The 13F filing season is always revealing, but this quarter has been particularly interesting. While we are still waiting for Leopold Aschenbrenner’s Situational Awareness LP to publish its latest holdings, several major hedge funds have already reported. And the message is clear: many of the big players have either closed out or significantly reduced their exposure to the Mag 7.
That single fact helps explain a lot about the sharp sell-off we saw in March 2026 — and why the subsequent bounce in April, while technically successful, arrived on remarkably poor volume.
Let’s look at the SPY monthly chart (attached) through the lens of Volume Price Analysis. It tells a story that is classic merchant-market behaviour: the inside players (large hedge funds and market makers) quietly reduce risk, while the outside crowd is left to pick up the baton and drive the next leg higher.
The March Lower Wick — Absorption, Not Capitulation
March 2026 produced one of the most visually striking monthly candles of the entire uptrend: a strong lower wick that tested the previous congestion zone from late 2025, followed by a recovery that left the candle closing well off the lows.
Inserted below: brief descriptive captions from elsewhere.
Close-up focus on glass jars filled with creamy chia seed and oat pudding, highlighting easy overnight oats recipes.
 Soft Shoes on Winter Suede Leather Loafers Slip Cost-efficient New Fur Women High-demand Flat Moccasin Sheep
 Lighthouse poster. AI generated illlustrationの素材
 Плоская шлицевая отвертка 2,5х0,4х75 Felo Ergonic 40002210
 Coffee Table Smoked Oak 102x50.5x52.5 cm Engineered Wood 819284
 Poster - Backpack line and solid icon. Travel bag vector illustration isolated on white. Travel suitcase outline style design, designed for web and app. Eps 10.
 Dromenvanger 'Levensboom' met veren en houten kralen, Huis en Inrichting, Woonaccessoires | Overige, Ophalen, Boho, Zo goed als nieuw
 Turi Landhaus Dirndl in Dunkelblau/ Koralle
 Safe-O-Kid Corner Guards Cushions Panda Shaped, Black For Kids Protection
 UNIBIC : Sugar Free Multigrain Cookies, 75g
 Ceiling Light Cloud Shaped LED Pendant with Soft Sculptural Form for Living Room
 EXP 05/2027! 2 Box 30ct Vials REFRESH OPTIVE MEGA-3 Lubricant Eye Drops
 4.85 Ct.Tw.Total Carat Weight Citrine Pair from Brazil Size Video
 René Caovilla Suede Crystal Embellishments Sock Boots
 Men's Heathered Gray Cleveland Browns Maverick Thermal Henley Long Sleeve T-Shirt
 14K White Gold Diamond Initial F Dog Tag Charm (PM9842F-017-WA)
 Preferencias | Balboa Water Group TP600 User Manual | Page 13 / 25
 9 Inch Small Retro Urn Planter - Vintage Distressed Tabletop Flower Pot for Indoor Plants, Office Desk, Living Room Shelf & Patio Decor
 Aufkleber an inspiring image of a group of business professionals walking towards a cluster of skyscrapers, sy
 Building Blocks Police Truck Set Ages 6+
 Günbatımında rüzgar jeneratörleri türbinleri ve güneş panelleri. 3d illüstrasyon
From a pure VPA perspective, that lower wick on elevated volume is classic absorption — sellers were met with buying interest, and price refused to break lower in any meaningful way. The effort (selling volume) was not rewarded with a sustained breakdown. That is exactly the kind of signal we look for when smart money is defending a level rather than distributing.
Yet the bounce that followed in April was anything but convincing. Price recovered, but the volume behind the move was noticeably lighter than we would expect for a genuine continuation of the primary trend. This is the first red flag.
April’s Poor-Volume Bounce — A Classic Warning Sign
In VPA terms, when price moves higher on declining or below-average volume, the move lacks conviction. It suggests that the rally is being driven more by short covering and options-related flows than by fresh institutional demand. The April candle is a textbook example of effort vs result disharmony — decent price progress on relatively weak volume.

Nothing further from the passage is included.